Hillary Clinton and Barrack Obama have gotten into an unnecessary pissing match. Obama answered a question about meeting with our 'enemies,' by making a point about using diplomacy. Clinton used the question to imply that Obama's answer was not a good one -- that her vast experience would lead her to be more cautious. Clinton's answer was the one that everyone was talking about, and she should have let it go with that small victory. Instead, she was quoted today as saying Obama's answer was "naive." Now, she looks like she is playing politics. Of course, that's what she was doing in the debate, but she came off as statesman-like. Now, she's killed that impression.
Without a doubt, the real highlight of last night's debate was "Hair" -- the John Edwards campaign's brilliantly conceived and executed 30-second spot, with images set to the strains of the title song from the '70s musical. If you haven't seen the clip, you should -- click on the link above to see watch it at YouTube. It's one of the finer political ads I think I've ever seen. Bravo to everyone who had a hand in it.
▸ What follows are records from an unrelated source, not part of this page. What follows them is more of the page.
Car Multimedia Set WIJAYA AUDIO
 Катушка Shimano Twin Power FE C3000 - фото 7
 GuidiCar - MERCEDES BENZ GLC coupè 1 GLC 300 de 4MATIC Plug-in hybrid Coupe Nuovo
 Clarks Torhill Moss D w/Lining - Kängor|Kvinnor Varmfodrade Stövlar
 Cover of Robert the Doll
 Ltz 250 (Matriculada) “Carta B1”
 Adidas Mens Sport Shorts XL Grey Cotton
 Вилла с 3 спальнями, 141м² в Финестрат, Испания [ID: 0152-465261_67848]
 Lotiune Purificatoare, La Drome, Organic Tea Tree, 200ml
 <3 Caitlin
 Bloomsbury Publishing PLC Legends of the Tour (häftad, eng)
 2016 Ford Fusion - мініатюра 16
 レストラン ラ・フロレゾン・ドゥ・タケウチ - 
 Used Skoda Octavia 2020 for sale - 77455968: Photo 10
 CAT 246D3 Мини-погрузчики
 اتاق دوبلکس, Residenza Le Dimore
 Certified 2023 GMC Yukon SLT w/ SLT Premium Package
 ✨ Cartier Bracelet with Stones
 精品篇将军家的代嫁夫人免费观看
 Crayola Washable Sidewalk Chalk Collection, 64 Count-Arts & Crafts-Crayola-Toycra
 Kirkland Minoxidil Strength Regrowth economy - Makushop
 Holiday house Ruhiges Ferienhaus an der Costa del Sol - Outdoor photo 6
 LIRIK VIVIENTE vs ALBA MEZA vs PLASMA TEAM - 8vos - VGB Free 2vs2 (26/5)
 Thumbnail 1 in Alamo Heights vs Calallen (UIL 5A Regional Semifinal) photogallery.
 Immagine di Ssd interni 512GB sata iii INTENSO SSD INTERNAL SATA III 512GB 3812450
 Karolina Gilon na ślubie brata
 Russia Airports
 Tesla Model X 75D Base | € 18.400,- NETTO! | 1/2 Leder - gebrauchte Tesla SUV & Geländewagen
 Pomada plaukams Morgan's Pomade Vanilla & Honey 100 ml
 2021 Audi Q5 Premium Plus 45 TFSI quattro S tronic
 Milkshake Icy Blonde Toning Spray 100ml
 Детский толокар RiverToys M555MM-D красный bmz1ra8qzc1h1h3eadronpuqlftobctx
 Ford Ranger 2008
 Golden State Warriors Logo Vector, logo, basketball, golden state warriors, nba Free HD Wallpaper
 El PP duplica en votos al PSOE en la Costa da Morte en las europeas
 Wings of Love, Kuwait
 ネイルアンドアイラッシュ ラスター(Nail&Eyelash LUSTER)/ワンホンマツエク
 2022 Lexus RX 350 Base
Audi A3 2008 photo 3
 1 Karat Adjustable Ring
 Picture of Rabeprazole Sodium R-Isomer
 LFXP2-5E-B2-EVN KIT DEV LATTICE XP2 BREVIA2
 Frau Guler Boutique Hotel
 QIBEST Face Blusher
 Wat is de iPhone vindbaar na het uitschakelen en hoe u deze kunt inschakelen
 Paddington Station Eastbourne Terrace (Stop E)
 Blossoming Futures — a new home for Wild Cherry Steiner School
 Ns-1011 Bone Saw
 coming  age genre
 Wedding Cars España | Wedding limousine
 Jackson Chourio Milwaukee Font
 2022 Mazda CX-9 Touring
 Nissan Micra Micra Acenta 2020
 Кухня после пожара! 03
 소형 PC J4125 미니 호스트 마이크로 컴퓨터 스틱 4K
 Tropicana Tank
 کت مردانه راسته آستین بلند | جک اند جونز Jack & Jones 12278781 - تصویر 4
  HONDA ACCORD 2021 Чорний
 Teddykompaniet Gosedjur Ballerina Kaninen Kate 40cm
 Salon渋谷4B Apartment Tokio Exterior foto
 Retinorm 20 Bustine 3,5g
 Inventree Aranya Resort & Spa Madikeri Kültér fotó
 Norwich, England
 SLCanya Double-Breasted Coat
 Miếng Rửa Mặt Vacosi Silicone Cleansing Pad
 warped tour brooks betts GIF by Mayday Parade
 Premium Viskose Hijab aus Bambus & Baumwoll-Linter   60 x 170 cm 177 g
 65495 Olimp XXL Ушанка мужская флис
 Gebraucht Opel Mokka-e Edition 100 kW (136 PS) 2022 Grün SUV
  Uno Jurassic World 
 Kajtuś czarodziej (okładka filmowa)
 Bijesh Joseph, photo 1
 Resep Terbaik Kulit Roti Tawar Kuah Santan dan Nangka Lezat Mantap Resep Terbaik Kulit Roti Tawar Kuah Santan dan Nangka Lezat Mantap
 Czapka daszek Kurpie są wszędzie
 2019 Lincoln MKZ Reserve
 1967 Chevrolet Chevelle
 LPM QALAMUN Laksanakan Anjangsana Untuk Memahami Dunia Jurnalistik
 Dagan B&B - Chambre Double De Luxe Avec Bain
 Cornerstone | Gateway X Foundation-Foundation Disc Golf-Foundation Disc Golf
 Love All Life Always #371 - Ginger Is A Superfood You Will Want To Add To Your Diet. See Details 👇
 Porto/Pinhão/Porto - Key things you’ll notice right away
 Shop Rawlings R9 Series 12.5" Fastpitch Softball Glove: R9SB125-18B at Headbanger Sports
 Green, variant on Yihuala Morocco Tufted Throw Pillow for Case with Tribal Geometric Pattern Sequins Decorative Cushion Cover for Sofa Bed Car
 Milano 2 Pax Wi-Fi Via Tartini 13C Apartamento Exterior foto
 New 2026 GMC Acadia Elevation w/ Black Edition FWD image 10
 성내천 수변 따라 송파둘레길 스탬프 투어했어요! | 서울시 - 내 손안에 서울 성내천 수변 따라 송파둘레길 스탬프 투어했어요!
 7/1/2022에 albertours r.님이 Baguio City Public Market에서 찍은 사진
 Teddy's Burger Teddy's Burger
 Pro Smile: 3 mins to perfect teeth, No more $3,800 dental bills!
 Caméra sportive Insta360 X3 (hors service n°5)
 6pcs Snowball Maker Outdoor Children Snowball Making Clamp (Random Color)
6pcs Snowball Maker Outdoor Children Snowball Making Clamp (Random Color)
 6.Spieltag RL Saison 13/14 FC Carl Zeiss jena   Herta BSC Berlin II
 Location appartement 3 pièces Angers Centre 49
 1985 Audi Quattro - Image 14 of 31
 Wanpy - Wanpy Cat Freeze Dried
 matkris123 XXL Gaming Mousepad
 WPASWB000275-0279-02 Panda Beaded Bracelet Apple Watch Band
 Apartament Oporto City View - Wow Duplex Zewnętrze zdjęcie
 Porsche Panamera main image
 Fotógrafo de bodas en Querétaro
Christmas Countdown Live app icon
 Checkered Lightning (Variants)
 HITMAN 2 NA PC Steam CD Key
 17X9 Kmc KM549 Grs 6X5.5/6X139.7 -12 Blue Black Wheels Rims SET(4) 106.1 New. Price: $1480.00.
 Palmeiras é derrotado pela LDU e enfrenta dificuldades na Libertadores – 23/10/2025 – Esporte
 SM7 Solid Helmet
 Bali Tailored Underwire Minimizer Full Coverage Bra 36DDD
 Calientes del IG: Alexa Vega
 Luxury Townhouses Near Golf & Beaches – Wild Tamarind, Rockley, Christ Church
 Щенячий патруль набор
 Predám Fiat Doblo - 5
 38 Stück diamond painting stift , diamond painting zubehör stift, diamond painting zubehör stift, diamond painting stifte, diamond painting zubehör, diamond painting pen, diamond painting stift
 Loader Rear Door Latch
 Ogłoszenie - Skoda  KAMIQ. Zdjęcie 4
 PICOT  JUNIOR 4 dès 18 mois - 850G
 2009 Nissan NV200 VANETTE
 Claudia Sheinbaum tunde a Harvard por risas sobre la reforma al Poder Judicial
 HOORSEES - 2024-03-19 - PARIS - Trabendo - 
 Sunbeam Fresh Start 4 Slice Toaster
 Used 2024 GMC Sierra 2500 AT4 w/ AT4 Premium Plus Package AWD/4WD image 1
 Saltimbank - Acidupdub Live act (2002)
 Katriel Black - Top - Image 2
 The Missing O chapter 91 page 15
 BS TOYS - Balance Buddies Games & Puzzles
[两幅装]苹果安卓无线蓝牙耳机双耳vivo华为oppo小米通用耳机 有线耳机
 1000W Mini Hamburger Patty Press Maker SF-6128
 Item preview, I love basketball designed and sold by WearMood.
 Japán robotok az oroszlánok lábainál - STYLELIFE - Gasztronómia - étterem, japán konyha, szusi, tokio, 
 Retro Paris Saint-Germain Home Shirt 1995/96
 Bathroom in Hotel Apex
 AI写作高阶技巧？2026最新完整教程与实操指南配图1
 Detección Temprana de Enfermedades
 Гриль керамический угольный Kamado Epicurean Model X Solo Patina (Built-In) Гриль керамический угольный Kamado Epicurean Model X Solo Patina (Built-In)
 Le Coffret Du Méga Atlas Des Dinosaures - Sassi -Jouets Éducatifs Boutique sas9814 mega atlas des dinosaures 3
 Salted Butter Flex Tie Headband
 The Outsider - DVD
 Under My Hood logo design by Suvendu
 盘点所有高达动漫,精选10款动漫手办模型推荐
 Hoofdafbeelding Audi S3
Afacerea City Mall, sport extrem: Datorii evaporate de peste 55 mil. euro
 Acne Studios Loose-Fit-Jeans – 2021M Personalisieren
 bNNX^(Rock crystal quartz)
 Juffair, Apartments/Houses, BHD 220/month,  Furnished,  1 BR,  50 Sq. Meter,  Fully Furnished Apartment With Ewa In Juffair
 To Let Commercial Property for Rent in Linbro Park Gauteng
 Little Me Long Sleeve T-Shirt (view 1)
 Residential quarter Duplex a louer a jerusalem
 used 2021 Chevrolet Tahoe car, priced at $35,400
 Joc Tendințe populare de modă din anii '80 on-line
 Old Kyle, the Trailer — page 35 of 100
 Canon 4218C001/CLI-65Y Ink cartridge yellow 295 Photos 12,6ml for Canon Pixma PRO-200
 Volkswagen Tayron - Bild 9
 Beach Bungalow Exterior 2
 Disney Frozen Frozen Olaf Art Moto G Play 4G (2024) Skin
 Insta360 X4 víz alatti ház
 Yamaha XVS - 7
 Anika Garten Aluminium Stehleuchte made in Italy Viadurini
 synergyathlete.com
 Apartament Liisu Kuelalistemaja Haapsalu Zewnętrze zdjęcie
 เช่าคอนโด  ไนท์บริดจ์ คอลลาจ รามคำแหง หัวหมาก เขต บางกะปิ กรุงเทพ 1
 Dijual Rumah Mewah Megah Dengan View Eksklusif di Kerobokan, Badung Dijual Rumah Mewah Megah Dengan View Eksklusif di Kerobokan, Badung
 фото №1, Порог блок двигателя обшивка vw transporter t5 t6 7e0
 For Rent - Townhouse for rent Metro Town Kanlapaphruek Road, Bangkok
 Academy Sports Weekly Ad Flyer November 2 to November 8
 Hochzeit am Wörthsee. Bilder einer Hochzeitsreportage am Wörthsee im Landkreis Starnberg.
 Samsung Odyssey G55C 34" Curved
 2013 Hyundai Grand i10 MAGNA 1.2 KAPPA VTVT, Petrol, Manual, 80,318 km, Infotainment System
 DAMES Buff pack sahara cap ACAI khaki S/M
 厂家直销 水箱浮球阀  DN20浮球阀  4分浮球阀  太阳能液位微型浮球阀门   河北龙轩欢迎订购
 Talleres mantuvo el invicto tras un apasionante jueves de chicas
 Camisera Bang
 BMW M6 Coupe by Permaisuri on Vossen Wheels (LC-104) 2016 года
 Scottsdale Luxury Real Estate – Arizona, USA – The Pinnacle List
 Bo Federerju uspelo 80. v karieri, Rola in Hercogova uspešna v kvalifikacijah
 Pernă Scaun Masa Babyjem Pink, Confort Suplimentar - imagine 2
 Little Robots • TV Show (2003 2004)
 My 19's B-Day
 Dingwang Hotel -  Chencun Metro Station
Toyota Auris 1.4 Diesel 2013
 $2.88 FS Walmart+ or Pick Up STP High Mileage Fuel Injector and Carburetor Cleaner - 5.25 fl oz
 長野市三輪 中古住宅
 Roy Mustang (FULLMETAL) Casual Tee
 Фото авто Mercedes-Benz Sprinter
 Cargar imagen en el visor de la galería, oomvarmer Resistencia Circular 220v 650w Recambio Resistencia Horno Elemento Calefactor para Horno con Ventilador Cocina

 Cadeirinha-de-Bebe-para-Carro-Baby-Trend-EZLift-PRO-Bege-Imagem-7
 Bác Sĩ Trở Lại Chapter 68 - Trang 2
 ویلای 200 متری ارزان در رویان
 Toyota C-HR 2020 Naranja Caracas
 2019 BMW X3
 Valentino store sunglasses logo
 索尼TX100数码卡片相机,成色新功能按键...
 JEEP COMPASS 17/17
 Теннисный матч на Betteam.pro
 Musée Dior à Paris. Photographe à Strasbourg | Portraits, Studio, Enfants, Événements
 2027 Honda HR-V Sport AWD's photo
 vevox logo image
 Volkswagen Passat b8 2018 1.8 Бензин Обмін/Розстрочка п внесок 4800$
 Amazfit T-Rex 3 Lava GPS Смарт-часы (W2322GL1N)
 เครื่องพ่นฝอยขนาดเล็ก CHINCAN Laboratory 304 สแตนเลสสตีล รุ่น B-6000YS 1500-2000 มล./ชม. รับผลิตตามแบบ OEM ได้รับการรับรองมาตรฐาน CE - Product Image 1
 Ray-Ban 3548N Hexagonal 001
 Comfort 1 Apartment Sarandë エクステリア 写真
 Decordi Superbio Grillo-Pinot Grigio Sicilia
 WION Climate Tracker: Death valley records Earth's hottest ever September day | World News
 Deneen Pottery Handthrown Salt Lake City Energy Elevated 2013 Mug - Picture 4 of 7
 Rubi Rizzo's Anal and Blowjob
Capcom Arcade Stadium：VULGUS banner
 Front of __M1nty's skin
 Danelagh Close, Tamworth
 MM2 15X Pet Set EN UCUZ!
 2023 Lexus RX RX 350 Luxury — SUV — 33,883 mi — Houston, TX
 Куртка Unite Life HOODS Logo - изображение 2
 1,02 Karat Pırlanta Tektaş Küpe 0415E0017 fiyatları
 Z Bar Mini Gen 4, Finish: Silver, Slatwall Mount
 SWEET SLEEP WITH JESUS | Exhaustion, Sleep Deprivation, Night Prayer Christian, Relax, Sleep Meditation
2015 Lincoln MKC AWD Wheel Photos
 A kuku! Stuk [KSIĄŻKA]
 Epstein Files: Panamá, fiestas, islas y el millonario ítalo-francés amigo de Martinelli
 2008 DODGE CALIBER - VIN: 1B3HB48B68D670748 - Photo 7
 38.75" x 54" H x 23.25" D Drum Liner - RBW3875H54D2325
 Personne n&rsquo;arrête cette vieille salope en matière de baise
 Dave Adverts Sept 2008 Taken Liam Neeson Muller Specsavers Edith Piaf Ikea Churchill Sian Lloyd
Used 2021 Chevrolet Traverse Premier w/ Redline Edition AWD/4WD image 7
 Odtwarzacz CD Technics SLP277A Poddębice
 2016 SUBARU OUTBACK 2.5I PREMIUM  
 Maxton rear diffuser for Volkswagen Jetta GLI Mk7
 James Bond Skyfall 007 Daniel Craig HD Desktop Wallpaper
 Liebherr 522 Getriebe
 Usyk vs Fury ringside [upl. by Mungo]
This ad is so good that Edwards should take whatever funds he's got and blanket the airwaves with it. Not just in Iowa. There could be a series of similar ads with images touching on different issues. It can even be made into a radio spot -- sans images, but with John himself talking about issues -- and then a voice-over asking about "what really matters?" It runs the risk of making too much of the hair "issue," but most folks know about it already. It's so good I wish it could have been sprung on us in the general election to crush Republican attempts to make light of Edwards' "haircut problem." Of course, first, Edwards has to get there -- so, we have the ad now. The campaign should make good use of it.